The final element of intrigue over the December FOMC will be Chair Powell’s post-meeting press conference.
That said, it seems unlikely that Powell will offer anything particularly concrete in terms of forward guidance, not least considering the high degree of uncertainty which continues to cloud the economic outlook, as well as the fact that Powell will only be at the helm for another three FOMC meetings.
In any case, Powell will likely repeat his now-familiar view that there is no ‘risk-free’ policy path ahead, while also again stressing that there are ‘strongly differing views’ among FOMC members on the course that policy should take moving into 2026.
Overall, while the December meeting will likely be among the closest calls in recent memory, a 25bp cut remains the base case, with the doves likely winning the argument for the time being, enabling another ‘risk management’ cut to be delivered.
Looking ahead, however, the pace of rate reductions moving forwards remains more uncertain, not only as the Committee continue to follow a data-dependent approach, but also as the fed funds rate inches closer to its neutral level, making each rate reduction a somewhat tougher prospect than the one before it.

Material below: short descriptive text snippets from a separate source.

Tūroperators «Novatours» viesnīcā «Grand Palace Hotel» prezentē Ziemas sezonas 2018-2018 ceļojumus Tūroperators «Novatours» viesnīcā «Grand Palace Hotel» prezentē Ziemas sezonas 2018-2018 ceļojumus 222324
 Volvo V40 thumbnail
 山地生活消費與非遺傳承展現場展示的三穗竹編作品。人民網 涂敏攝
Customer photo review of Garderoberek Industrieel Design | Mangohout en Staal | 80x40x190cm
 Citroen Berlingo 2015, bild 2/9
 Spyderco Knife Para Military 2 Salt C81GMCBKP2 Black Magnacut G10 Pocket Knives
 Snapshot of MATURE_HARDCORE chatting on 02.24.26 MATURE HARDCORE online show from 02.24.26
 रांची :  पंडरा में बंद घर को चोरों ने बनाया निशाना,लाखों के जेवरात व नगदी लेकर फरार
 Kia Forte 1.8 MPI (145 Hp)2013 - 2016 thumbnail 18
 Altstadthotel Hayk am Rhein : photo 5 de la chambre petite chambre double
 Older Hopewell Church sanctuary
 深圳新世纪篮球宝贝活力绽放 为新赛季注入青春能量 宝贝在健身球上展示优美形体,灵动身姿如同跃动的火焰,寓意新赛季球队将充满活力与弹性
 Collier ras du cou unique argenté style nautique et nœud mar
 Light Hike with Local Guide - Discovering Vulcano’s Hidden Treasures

Into 2026, the Committee’s reaction function is likely to remain heavily tilted towards the employment side of the dual mandate, with there being a very high bar for an upside inflation surprise to force something of a hawkish pivot from policymakers. Consequently, despite more of a ‘meeting-by-meeting’ approach likely being adopted next year, another rate cut in January remains a distinct possibility, especially with three jobs reports due prior to that meeting, with a majority of members likely favouring further ‘risk management’ cuts unless and until a more concrete rebound in labour market conditions becomes obvious.